### TASK:
Please give back, word for word, each line from the start of the entries through the one in which "Photo of Fresh" is found.

### GIVEN RECORDS:

BEGIN

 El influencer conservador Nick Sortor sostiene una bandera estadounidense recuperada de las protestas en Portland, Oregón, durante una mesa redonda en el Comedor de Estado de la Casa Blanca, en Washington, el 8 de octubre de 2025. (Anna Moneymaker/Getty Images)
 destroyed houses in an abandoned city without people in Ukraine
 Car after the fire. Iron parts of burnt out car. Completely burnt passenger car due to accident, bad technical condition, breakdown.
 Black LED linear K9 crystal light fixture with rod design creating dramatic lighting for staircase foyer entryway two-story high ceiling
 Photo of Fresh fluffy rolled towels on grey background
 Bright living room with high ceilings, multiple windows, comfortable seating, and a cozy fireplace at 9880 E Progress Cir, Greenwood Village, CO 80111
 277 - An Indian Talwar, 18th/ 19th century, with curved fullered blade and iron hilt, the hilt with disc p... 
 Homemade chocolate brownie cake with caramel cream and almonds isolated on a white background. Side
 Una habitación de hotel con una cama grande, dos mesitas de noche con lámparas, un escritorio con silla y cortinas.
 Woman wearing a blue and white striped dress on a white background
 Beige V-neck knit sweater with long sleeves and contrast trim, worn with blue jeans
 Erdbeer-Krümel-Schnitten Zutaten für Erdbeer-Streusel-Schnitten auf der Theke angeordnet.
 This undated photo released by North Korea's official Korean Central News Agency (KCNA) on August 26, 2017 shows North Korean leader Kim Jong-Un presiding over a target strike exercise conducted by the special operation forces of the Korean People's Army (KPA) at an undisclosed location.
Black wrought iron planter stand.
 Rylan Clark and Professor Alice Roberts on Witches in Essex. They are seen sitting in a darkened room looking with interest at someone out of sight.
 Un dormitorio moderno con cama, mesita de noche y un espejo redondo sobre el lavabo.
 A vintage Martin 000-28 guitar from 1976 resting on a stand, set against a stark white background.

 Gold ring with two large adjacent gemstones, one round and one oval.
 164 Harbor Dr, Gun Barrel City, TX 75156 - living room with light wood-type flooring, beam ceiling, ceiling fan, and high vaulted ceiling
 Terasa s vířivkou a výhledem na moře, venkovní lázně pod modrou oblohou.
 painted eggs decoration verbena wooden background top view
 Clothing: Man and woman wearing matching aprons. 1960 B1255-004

END

### OUTPUT OF THE TASK:
 El influencer conservador Nick Sortor sostiene una bandera estadounidense recuperada de las protestas en Portland, Oregón, durante una mesa redonda en el Comedor de Estado de la Casa Blanca, en Washington, el 8 de octubre de 2025. (Anna Moneymaker/Getty Images)
 destroyed houses in an abandoned city without people in Ukraine
 Car after the fire. Iron parts of burnt out car. Completely burnt passenger car due to accident, bad technical condition, breakdown.
 Black LED linear K9 crystal light fixture with rod design creating dramatic lighting for staircase foyer entryway two-story high ceiling
 Photo of Fresh fluffy rolled towels on grey background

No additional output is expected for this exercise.